### What needs to be done
Copy every line below where the string "Breakfast" is found.

-=-=-=-=-

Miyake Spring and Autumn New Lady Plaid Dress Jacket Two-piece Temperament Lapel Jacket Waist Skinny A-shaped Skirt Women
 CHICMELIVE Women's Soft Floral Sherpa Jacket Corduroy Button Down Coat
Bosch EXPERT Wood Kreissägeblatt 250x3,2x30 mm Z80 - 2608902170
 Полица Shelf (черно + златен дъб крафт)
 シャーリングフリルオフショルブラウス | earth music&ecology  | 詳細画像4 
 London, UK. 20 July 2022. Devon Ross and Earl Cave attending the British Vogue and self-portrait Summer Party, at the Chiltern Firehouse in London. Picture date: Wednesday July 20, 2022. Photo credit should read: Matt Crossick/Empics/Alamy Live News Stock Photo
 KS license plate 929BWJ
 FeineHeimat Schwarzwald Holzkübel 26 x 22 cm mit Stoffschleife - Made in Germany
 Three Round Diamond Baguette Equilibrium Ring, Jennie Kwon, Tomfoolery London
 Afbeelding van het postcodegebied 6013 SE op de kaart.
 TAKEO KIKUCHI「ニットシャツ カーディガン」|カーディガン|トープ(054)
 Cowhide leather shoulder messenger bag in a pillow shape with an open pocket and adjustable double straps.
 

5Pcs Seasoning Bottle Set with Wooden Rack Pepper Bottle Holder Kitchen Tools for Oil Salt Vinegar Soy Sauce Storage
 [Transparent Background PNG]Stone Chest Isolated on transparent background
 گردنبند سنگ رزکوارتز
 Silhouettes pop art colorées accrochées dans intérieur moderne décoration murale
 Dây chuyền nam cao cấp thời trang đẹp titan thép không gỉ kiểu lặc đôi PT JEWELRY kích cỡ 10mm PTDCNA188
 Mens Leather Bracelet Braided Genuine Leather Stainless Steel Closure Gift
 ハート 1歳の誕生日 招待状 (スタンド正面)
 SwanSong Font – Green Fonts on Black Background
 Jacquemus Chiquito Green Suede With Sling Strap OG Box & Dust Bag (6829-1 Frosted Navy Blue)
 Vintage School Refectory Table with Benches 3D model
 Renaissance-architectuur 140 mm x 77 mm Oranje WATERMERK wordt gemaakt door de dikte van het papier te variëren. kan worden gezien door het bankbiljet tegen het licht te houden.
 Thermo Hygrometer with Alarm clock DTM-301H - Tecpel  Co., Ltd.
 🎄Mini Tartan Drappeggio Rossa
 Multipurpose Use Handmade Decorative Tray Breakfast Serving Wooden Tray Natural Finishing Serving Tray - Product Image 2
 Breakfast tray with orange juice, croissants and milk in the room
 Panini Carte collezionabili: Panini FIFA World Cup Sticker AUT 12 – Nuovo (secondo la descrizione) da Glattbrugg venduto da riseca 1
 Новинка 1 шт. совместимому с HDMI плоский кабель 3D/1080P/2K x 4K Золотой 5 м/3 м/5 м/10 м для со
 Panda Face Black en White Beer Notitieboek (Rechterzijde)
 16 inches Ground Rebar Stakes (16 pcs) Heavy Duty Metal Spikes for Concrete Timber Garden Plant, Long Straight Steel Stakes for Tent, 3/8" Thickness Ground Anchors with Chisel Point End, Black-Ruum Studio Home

-=-=-=-=-

### Answer box
 Multipurpose Use Handmade Decorative Tray Breakfast Serving Wooden Tray Natural Finishing Serving Tray - Product Image 2
 Breakfast tray with orange juice, croissants and milk in the room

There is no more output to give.